Entry points overview
This page gives quick examples of how to use each of Meadowrun's entry points.
We will assume you've gone through either the quickstart or one of the tutorials for a
specific platform (AWS EC2, Azure VMs,
GKE, or Kubernetes). In the examples, we'll use
host
and resources
variables that we don't define here. You will need to define
these variables as they were defined (as parameters) in the platform-specific tutorials.
run_function
Runs a function remotely. Example:
meadowrun.run_function(lambda: sum(range(1000)) / 1000, host, resources)
Returns 499.5
.
run_command
Runs a command remotely. See Run a Jupyter notebook remotely for
a fully worked example of using run_command
.
run_map
run_map
is like the built-in
map
function, but it runs in
parallel and remotely. This is a powerful tool for scaling computations: easily use
hundreds or thousands of cores in parallel to process large data sets.
Example:
meadowrun.run_map(lambda x: x ** x, [2, 3, 4, 5], host, resources)
In this case, resources applies per task.
The output is:
[4, 27, 256, 3125]
With run_map
, you will no longer see the standard output from the remote processes
locally. To see the logs from your processes you'll want to look at Stream logs on AWS
or Azure.
The Kubernetes implementation of run_map
currently has a major limitation which is
that the tasks are assigned to workers at the start of the job.

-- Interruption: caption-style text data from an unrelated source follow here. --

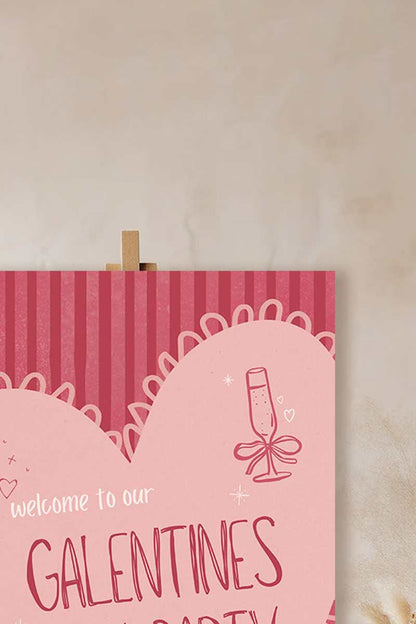 Red Heart Welcome Sign. Celebrations events for Galentines, Valentines, Girls Night, Stag or Bridal Shower. Striped Signage. Pretty in Pink. Personalize and customize in Canva. Digital Download.  Print around the world at a local print shop.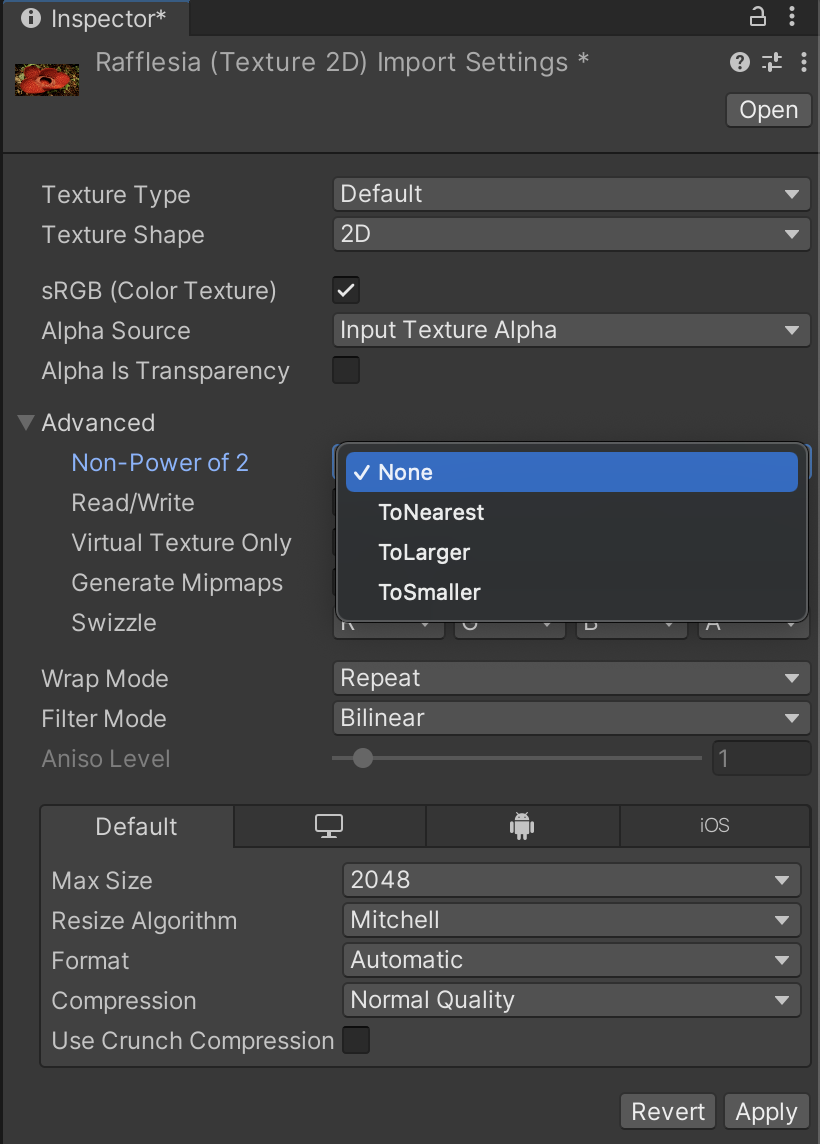 Non-Power of Two Reference Image Settings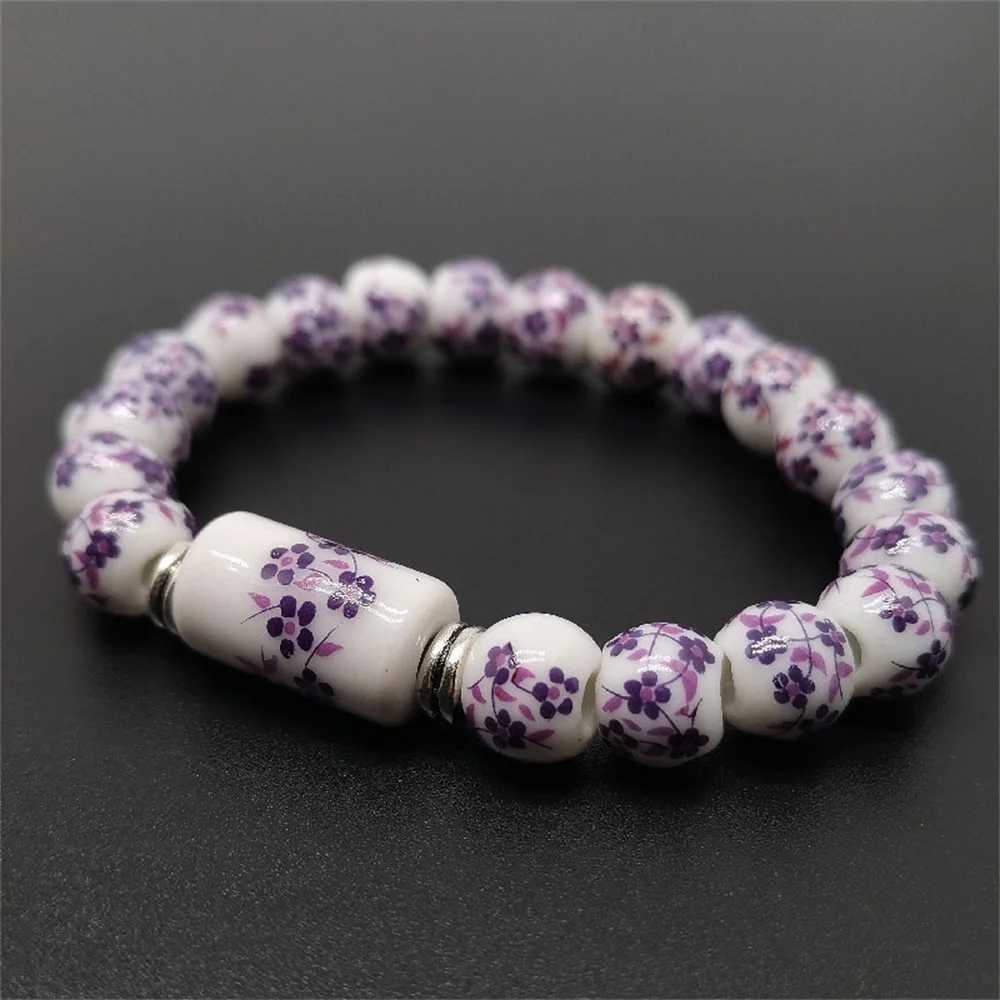 b21 Blue and White Porcelain Stretch Bead Bracelet for 8MM Ceramic Sunflower Plum Blossom Bead Bracelet Collect Jewelry Gifts H260303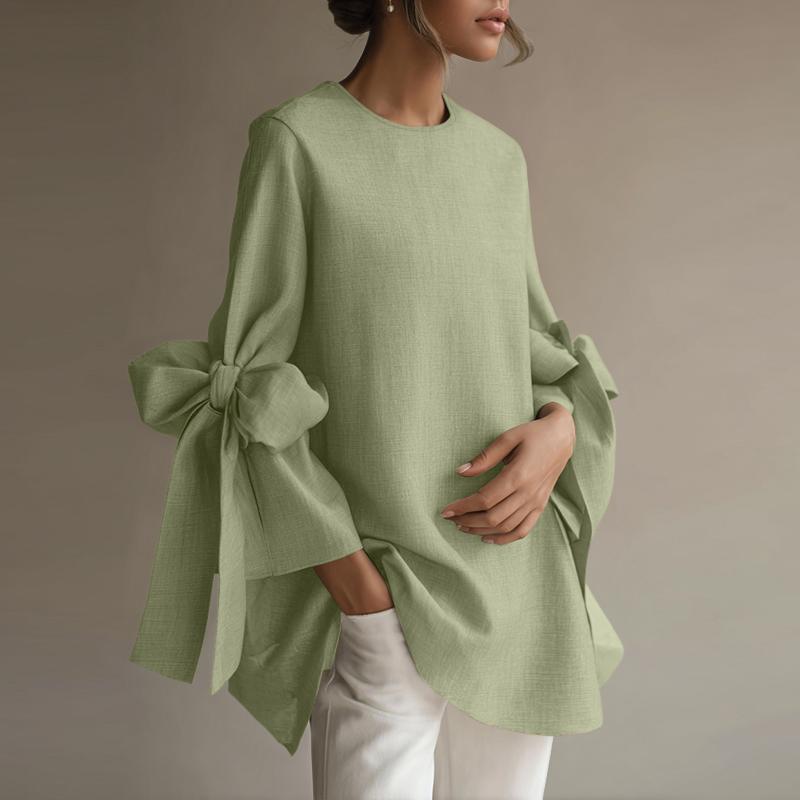 ZANZEA Dámská ležérní halenka s kulatým výstřihem a volným 3/4 rukávem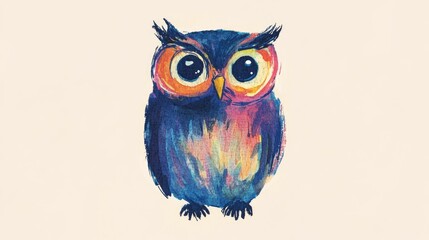 Fototapeta premium Whimsical Colorful Owl Illustration: A Vibrant Artistic Expression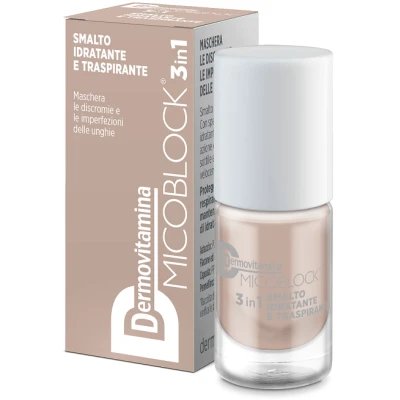 Dermovitamin micoblock 3in1 lac de unghii hidratant și respirabil bej 5 ml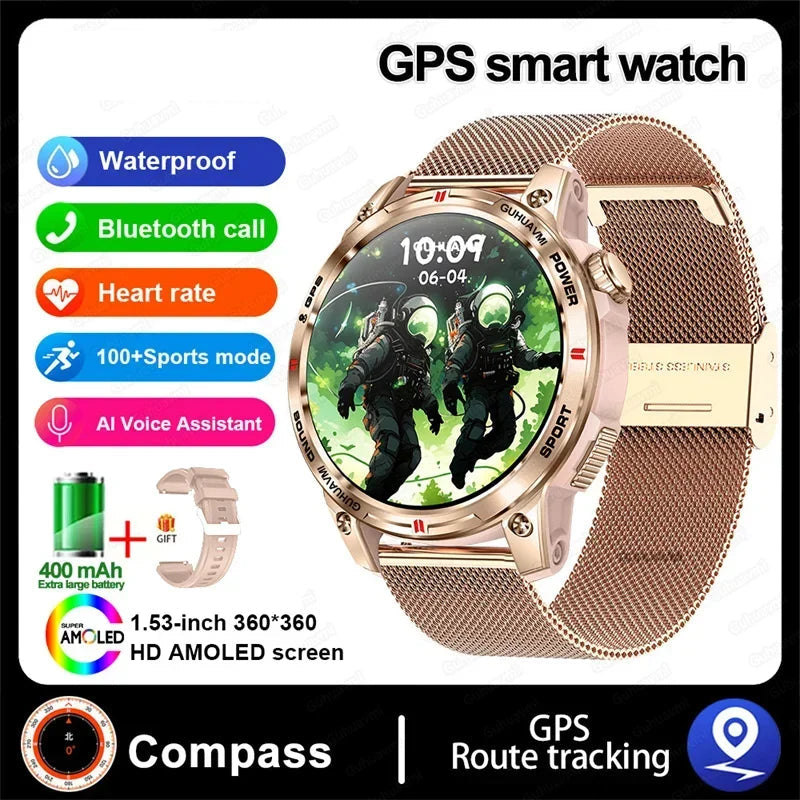 Silica Gel GPS Sports Fitness Monitoring Bluetooth Round Smart Watch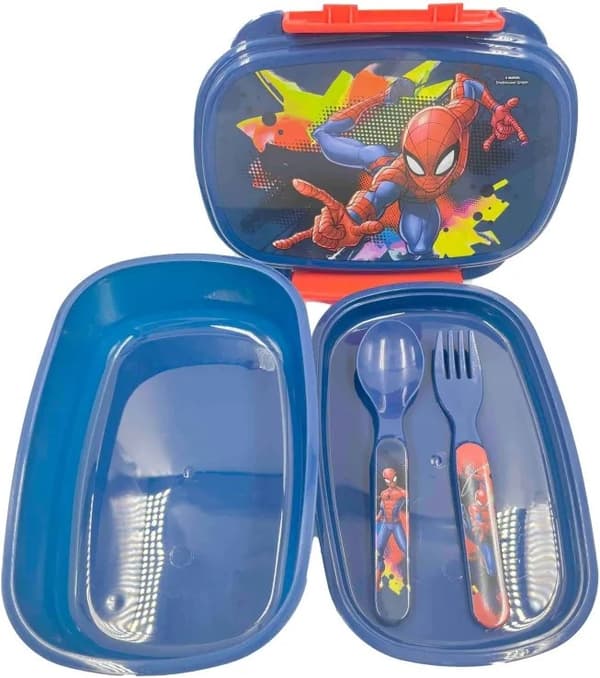 Spiderman Smörgåslåda med Bestickset, Plast, 18x12x6 cm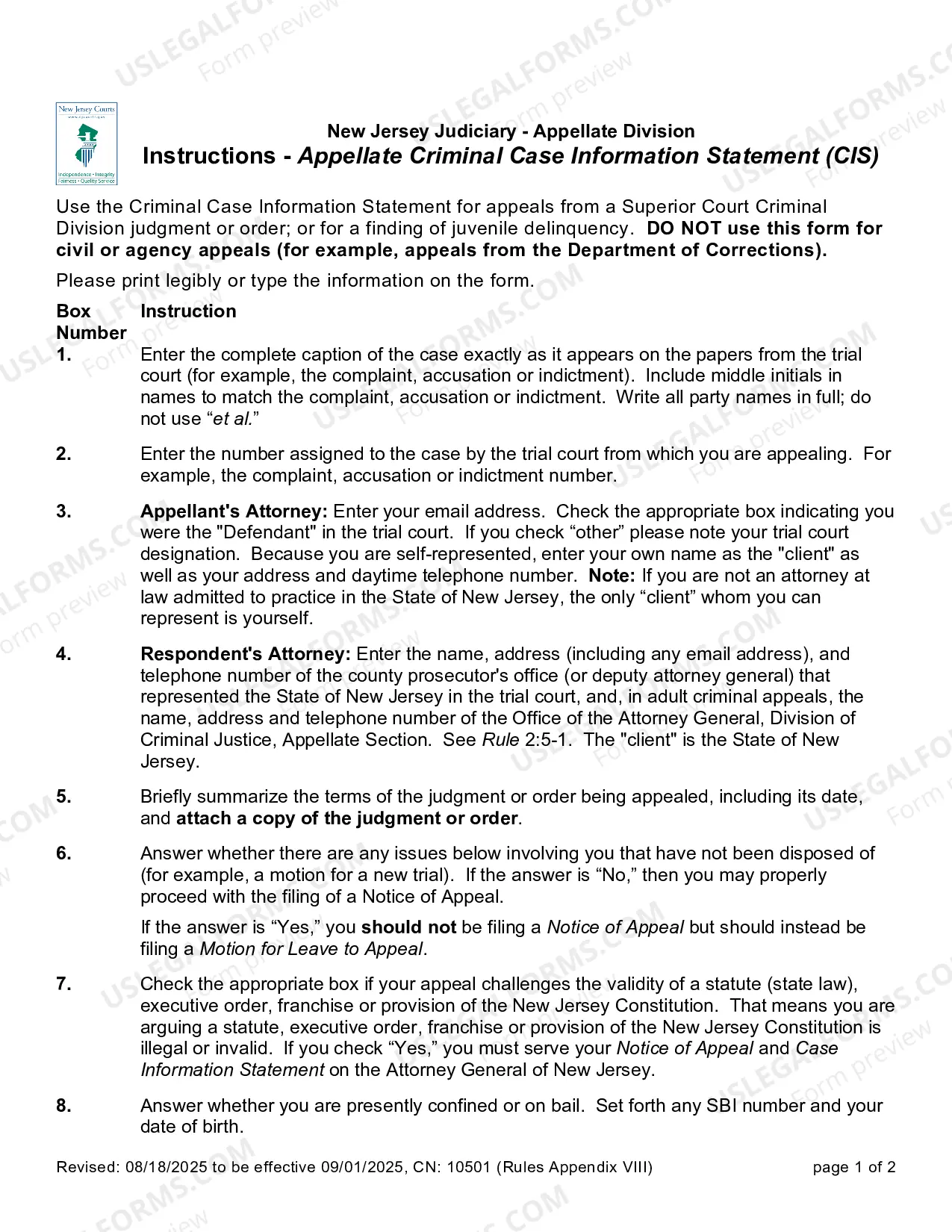Preview Appellate Criminal Case Information Statement (Form only)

This means that if
you have tasks where some take a long time and some finish quickly, the distribution of
tasks will be suboptimal.
run_map_as_completed
run_map_as_completed
is similar to run_map
but it returns an AsyncIterable
rather
than as simple list of results. Results will be returned as tasks complete. Example:
async for result in await meadowrun.run_map_as_completed(
lambda x: x ** x, [2, 3, 4, 5], host, resources
):
print(result.result_or_raise())
The output is:
27
4
256
3125
In general, there's no guarantee what order the results come back in.
run_map
is recommended for most use cases. Consider using run_map_as_completed
if
your use case requires further processing of results locally, and you'd like to
interleave this processing with executing the tasks. This could be beneficial if the
processing is time-intensive.